AIM OF THE EXERCISE: With both ends included, repeat exactly the lines of the entries below from the one containing "Assalamualaikum, hello friends, how" down to the one containing "For example, if I", and no others.

ENTRIES PROVIDED:
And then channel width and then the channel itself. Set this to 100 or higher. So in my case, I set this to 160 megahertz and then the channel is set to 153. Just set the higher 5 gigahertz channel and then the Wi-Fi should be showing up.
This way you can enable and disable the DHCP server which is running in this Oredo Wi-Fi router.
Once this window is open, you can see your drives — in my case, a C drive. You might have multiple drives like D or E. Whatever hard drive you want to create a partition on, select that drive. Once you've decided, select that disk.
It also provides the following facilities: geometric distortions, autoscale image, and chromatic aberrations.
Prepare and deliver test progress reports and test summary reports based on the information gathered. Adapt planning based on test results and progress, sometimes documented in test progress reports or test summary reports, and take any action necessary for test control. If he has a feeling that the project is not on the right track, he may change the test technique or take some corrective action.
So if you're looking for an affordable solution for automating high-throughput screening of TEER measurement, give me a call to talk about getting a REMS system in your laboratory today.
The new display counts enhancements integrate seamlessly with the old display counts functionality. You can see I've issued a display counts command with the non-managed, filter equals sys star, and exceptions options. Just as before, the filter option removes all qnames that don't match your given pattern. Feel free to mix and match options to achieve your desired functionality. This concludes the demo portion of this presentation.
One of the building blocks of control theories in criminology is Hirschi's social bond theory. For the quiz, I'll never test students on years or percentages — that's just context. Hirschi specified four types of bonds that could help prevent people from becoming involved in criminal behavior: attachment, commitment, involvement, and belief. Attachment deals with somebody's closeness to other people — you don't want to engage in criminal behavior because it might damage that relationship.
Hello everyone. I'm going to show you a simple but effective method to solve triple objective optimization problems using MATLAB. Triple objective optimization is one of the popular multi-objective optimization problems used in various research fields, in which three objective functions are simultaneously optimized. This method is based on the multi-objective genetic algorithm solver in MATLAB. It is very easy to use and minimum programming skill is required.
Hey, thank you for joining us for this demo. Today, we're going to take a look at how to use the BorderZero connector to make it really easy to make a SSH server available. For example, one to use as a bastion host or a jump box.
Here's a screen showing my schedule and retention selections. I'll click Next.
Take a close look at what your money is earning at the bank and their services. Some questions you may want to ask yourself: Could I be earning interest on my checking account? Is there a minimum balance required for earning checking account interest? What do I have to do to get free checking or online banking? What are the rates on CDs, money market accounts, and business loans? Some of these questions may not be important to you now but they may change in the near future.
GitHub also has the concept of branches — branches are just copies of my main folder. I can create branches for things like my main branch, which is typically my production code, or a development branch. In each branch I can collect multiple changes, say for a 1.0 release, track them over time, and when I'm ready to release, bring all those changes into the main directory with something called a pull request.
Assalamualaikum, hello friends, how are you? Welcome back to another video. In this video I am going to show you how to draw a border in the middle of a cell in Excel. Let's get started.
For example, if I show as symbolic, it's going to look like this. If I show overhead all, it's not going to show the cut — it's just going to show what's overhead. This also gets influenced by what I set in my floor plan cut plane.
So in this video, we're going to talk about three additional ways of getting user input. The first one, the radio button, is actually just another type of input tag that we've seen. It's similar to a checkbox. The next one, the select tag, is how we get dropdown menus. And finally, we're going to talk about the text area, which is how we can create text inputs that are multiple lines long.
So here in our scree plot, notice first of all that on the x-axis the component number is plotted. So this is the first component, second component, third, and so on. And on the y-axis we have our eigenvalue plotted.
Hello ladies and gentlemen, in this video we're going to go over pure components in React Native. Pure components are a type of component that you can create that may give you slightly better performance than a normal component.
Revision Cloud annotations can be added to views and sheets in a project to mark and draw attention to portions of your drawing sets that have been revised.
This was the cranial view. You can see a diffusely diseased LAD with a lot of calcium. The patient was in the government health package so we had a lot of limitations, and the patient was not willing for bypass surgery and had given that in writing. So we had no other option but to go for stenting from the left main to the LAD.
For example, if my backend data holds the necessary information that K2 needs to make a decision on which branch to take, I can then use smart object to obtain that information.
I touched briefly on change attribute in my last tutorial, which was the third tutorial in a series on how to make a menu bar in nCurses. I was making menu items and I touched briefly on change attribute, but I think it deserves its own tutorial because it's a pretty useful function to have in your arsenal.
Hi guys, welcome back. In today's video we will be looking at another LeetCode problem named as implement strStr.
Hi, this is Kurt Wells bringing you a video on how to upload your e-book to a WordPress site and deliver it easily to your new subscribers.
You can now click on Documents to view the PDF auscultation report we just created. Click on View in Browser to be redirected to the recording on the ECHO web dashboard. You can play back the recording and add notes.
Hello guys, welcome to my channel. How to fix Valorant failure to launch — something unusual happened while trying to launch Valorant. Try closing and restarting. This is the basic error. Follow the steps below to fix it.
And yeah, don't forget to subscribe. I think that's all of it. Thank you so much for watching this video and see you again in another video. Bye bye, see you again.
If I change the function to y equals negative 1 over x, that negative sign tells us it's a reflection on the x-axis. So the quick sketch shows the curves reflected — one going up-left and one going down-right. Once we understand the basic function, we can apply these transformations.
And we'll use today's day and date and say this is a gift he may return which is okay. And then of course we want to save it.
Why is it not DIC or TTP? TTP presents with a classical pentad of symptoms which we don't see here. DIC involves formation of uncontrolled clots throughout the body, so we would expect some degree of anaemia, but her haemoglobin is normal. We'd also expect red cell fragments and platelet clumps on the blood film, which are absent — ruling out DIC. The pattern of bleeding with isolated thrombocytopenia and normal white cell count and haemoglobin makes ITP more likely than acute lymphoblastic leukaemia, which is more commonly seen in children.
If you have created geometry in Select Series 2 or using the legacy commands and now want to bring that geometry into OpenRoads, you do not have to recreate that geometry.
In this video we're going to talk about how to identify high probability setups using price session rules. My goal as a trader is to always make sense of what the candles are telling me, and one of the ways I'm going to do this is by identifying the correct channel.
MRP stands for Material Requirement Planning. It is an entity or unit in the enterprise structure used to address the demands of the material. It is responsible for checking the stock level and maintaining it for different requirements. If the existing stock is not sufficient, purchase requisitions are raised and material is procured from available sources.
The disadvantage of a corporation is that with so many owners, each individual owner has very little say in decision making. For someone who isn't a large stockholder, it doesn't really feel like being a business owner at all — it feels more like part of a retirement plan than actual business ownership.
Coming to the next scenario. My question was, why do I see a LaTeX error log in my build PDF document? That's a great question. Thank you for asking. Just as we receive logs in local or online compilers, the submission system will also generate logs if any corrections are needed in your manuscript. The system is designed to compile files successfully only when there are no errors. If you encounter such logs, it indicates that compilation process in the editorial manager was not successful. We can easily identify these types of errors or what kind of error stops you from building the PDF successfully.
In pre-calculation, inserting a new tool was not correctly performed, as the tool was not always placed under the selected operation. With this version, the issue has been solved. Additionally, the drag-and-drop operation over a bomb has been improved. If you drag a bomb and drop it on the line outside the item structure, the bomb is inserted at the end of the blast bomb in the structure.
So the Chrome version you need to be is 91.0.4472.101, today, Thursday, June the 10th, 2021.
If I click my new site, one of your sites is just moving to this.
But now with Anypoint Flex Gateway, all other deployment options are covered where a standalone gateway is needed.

SOLUTION:
Assalamualaikum, hello friends, how are you? Welcome back to another video. In this video I am going to show you how to draw a border in the middle of a cell in Excel. Let's get started.
For example, if I show as symbolic, it's going to look like this. If I show overhead all, it's not going to show the cut — it's just going to show what's overhead. This also gets influenced by what I set in my floor plan cut plane.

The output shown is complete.